──────── Record excerpts ────────

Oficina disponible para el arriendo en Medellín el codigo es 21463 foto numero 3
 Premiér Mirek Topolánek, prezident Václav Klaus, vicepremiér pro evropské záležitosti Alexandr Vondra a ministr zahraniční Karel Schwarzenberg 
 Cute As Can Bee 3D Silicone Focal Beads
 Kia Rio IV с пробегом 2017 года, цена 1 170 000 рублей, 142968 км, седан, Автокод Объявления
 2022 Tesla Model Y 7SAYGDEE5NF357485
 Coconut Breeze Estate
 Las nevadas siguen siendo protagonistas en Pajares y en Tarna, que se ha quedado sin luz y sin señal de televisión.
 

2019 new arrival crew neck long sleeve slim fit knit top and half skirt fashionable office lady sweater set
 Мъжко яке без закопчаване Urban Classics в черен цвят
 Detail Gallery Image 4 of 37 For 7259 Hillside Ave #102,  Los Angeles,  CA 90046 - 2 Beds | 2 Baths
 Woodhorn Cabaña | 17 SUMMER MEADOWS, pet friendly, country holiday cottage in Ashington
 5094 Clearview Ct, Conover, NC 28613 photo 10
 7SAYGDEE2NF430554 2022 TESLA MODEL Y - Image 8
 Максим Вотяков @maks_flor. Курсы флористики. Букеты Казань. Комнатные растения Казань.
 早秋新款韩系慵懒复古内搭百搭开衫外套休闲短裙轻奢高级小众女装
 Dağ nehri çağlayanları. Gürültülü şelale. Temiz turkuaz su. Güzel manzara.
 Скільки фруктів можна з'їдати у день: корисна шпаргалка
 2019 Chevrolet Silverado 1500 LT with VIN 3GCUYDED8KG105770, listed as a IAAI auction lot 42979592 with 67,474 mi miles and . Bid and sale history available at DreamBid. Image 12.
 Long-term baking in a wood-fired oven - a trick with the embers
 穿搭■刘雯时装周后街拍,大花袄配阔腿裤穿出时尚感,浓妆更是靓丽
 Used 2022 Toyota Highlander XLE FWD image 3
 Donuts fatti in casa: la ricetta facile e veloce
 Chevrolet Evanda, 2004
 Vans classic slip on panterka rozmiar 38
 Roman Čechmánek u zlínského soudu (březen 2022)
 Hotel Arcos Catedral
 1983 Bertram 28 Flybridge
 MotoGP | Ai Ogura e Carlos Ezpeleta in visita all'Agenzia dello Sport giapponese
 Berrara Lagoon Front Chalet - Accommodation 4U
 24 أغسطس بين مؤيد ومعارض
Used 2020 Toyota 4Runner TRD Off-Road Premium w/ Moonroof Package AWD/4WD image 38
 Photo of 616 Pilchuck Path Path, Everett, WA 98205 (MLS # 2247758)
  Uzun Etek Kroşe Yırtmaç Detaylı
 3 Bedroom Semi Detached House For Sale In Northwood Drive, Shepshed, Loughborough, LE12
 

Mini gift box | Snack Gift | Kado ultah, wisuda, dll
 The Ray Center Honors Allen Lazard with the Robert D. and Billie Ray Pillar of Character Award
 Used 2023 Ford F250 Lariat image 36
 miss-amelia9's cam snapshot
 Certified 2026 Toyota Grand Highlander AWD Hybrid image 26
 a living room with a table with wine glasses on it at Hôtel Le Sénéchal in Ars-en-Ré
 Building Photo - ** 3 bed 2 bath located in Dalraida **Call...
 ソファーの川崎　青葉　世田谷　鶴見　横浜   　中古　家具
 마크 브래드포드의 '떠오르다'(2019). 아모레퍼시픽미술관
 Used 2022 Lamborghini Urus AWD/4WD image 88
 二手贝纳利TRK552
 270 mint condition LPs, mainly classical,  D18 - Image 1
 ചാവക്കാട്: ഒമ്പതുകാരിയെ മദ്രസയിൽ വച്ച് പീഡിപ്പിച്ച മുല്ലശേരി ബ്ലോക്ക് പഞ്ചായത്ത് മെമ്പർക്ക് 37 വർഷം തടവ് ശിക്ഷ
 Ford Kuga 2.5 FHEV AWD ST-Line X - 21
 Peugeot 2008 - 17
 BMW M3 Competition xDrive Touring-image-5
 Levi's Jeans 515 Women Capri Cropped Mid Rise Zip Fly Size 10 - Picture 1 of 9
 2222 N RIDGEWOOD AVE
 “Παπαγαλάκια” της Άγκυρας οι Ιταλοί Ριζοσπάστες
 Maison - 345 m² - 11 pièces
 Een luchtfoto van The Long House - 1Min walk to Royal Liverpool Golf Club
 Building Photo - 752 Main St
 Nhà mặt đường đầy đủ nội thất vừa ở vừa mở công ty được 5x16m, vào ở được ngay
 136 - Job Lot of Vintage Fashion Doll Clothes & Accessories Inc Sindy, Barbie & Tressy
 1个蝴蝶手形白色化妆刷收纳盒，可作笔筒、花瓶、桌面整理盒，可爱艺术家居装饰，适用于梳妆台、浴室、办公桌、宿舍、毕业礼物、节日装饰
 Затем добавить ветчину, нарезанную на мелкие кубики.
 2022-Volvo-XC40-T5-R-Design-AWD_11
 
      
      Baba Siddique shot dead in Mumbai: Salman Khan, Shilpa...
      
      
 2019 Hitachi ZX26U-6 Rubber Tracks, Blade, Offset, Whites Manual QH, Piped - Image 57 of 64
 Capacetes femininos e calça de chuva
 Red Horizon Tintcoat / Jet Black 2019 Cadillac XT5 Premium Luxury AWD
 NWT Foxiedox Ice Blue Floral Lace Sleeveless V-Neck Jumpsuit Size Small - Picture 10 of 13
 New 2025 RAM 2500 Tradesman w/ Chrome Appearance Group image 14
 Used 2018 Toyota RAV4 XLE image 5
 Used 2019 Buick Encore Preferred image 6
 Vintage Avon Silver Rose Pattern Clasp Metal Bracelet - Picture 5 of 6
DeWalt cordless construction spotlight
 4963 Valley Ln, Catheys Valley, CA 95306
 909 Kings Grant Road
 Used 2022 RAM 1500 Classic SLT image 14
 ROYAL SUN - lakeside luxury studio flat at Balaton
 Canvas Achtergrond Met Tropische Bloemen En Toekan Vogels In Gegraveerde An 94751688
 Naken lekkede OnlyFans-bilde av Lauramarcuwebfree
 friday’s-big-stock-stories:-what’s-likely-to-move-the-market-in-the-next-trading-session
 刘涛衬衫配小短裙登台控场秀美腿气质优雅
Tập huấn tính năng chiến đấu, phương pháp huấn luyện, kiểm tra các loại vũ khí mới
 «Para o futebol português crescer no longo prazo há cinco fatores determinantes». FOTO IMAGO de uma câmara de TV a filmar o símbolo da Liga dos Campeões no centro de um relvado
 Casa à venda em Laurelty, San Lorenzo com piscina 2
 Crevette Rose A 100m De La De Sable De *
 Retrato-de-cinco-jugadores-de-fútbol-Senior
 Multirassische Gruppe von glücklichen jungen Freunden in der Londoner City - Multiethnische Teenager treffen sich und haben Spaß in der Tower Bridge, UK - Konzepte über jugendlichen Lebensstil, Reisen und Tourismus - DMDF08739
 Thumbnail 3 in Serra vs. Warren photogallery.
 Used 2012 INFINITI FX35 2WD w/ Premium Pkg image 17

────────

**What the exercise asks**
Which lines above run from the one containing "1个蝴蝶手形白色化妆刷收纳盒" to the one containing "Capacetes femininos e calça de chuva"? Give them again exactly, both ends included.

**Solved exercise**
 1个蝴蝶手形白色化妆刷收纳盒，可作笔筒、花瓶、桌面整理盒，可爱艺术家居装饰，适用于梳妆台、浴室、办公桌、宿舍、毕业礼物、节日装饰
 Затем добавить ветчину, нарезанную на мелкие кубики.
 2022-Volvo-XC40-T5-R-Design-AWD_11
 
      
      Baba Siddique shot dead in Mumbai: Salman Khan, Shilpa...
      
      
 2019 Hitachi ZX26U-6 Rubber Tracks, Blade, Offset, Whites Manual QH, Piped - Image 57 of 64
 Capacetes femininos e calça de chuva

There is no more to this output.